Je ne me souviens pas comment était la maison que nous avions quittée, à part qu'il y avait là-bas, à Dijon, rue Thurot, du parquet en bois qui craquait sous nos pieds et surtout il faisait plus froid et les toilettes étaient communes à tous les habitants, dans une cour en bas de l'escalier.

C'était fini tout ça ! C'était drôlement mieux cette nouvelle maison. Avec Fatima, nous étions affamés d'espace et là on ne pouvait rêver mieux. Maman, tous les jours, elle l'habillait, la réchauffait. C'est vrai, habiter tout en haut c'était génial. Nous regardions la vie d'en haut et d'en bas.
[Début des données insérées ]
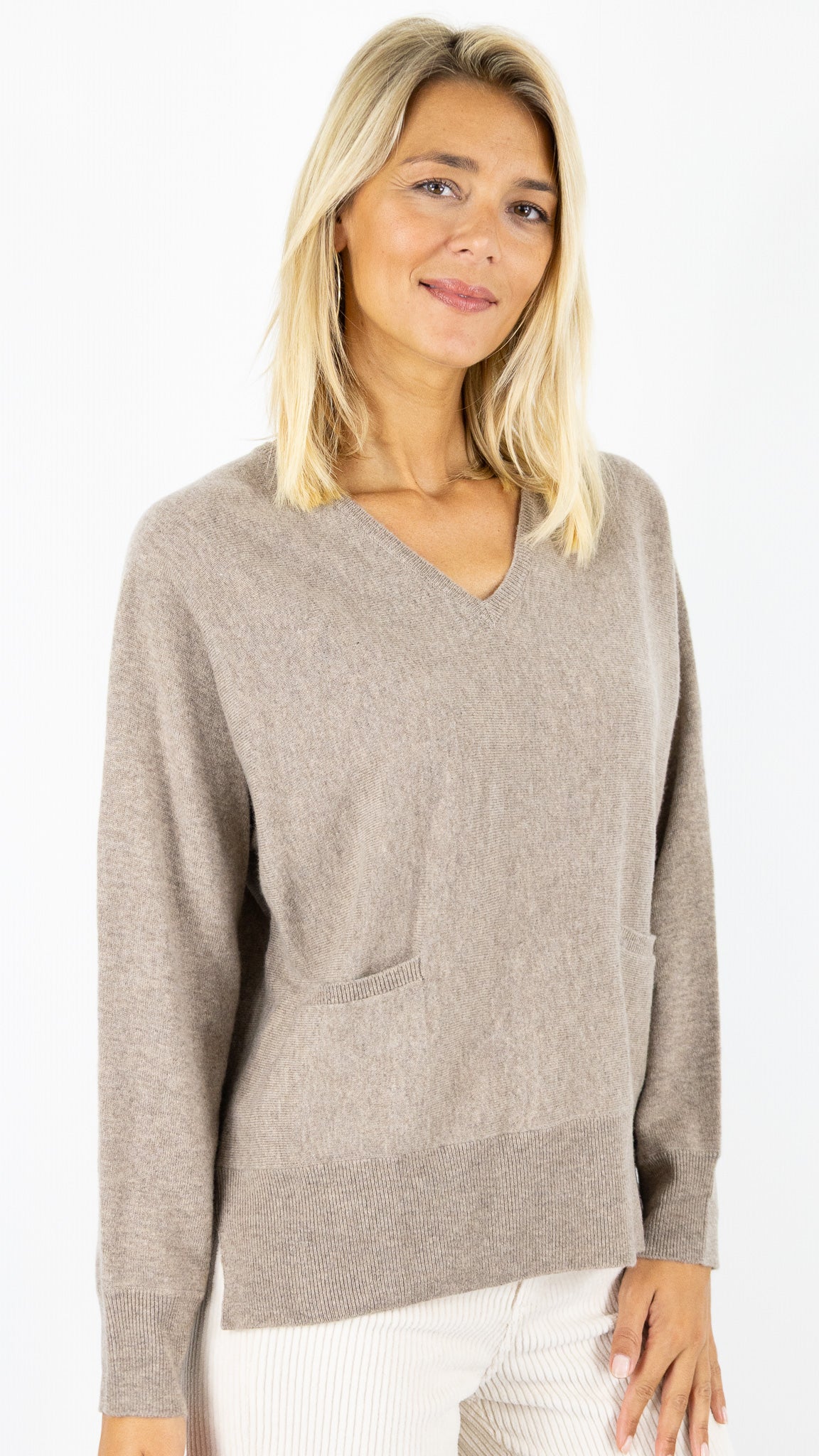 PULL V DROIT AVEC 2 POCHES EN CACHEMIRE POUR FEMME #COLOR_21004/QUINOA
La famille Charcot s'agrandissait tous les jours jusqu'à se remplir à souhait.

Nous n'avions plus le parquet bruyant, mais nous étions toujours aussi bruyants. Souvent papa et maman nous rappelaient à l'ordre et au respect de nos voisins du dessous et du dessus.

Hors école, nos modules "Citoyenneté" et "Bien vivre ensemble" on les a appris dans notre cage d'escalier, puis celle d'à côté et plus on grandissait, plus notre périmètre s'élargissait.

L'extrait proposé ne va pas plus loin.